Carrying on a business in an SMSF

This is the title of a document on the ATO website that examines the consequences for SMSF trustees where they are carrying on a business. In particular, it examines the specific compliance requirements for SMSF trustees that must nevertheless be observed by the fund while carrying out its business activities. There are several clear requirements, including being allowed to do so under the terms of the trust deed, meeting the sole purpose test and observing specific Superannuation Industry (Supervision) (SIS) Act rules.

Sole purpose test

The sole purpose test sets out the types of benefits that can be paid by superannuation funds generally and the circumstances that must be satisfied before those retirement benefits can be paid to a member. This test can be broadly stated as being that all superannuation funds must be maintained for a retirement purpose for all members.

Trustees and related parties in receipt of present benefits

Are the trustees influenced in acting in a particular way by the offer of a short-term benefit to them or other related parties of the SMSF? Is that benefit received by the trustees or related parties at the expense of the SMSF? Are the benefits sought by trustees small or incidental, but represent a pattern of trustees seeking and benefiting from the receipt of inappropriate benefits? A negative response to any of these types of inquiries will cause the ATO to question the retirement purpose of the SMSF trustees when entering into these transactions.

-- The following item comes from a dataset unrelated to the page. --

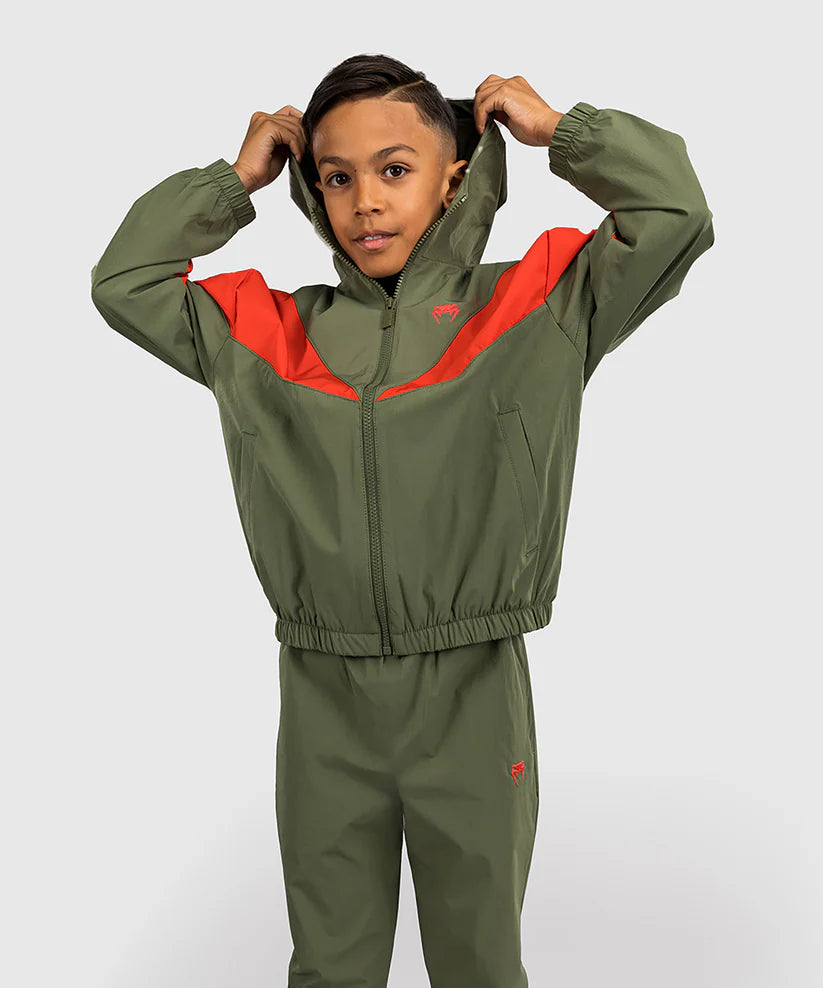 Venum Kids Vectra Trainingsjacke – Armeegrün/Orange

SMSF used as alternative business vehicle

In a similar vein, where trustees are using their SMSF as an alternative business vehicle to a company or discretionary trust, for example, the sole purpose test may also be compromised. Circumstances that are indicators the SMSF is being used inappropriately include where all the fund’s assets are expended in the development activity.

Consequences of failing the sole purpose test

In failing the sole purpose test, the SMSF is at high risk to be considered not to be operating as a genuine retirement fund, with the consequence that it may lose its complying status. This is to be avoided at all costs.

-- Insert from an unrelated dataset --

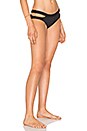 view 2 of 4 スプリットバンドビキニボトム　 in Black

Acceptable and unacceptable activities of SMSF trustees carrying on a property development business

Acceptable activities

Using genuine third-party contractors to undertake the property development activities of the SMSF is one way to avoid many of the pitfalls for SMSF trustees when undertaking these activities. The SMSF pays for and owns the finished product on arm’s-length terms and conditions. As the SMSF trustees are not dealing with related parties in this scenario, it would be highly unlikely for any of the investment standards contained in the SIS Act to be breached as these are primarily designed to limit or prohibit related-party transactions only.

Less acceptable or unacceptable activities

Once the trustees of an SMSF introduce related parties into the business activities, then a much higher degree of complication is introduced. This is because the investment standards and operating standards in the SIS Act and Regulations are designed to prohibit or limit these transactions between these parties.

If a member or related party were to undertake the construction work involved in building a residential or commercial property on behalf of the SMSF, then the possibility of a breach of a number of provisions may follow.

The process of avoiding any complications is complex and involves the SMSF paying directly for all materials and paying the related parties an hourly rate at market value for their services. This can effectively make the process cumbersome and unworkable.

Conclusion

An analysis of the investment activities of SMSF trustees and the approach by the ATO as regulator of the sector show the ownership of direct property in an SMSF can be viewed in many ways, depending on the circumstances of the fund. The ownership and development of direct property and the income derived from the use of that property can have different consequences from a compliance and/or tax perspective. Being able to distinguish the characterisation of different circumstances into property investment or property development and the resulting treatment of those activities by the regulator is a critical part of the advice process for SMSF trustees who wish to own property.